What is being asked:
Of the material below, the lines to be retyped are those from the line containing "Cauda equina syndrome" through the line containing "12岁安徽男孩脊柱畸形十年,终于在这挺直了腰", inclusive; reproduce them exactly.

Data to process:
□ □ □
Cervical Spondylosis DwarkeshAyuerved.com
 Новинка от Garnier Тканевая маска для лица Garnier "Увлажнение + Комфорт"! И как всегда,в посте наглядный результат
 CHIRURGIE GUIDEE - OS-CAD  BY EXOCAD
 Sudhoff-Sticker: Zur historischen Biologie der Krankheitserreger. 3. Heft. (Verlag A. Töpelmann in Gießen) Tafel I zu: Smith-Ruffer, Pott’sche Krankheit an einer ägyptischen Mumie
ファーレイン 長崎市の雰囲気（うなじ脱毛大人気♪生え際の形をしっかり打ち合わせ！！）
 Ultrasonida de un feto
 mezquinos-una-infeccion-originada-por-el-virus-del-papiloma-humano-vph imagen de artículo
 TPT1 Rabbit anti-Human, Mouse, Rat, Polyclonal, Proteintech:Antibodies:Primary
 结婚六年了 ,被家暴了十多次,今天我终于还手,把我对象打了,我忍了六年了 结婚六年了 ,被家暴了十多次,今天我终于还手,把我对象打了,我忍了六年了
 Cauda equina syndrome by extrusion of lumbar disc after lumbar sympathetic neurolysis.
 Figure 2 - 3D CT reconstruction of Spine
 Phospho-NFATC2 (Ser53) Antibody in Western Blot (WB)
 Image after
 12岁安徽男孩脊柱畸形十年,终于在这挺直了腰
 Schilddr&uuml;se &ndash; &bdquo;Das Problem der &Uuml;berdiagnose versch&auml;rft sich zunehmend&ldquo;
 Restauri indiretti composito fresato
□ □ □
Solved exercise:
 Cauda equina syndrome by extrusion of lumbar disc after lumbar sympathetic neurolysis.
 Figure 2 - 3D CT reconstruction of Spine
 Phospho-NFATC2 (Ser53) Antibody in Western Blot (WB)
 Image after
 12岁安徽男孩脊柱畸形十年,终于在这挺直了腰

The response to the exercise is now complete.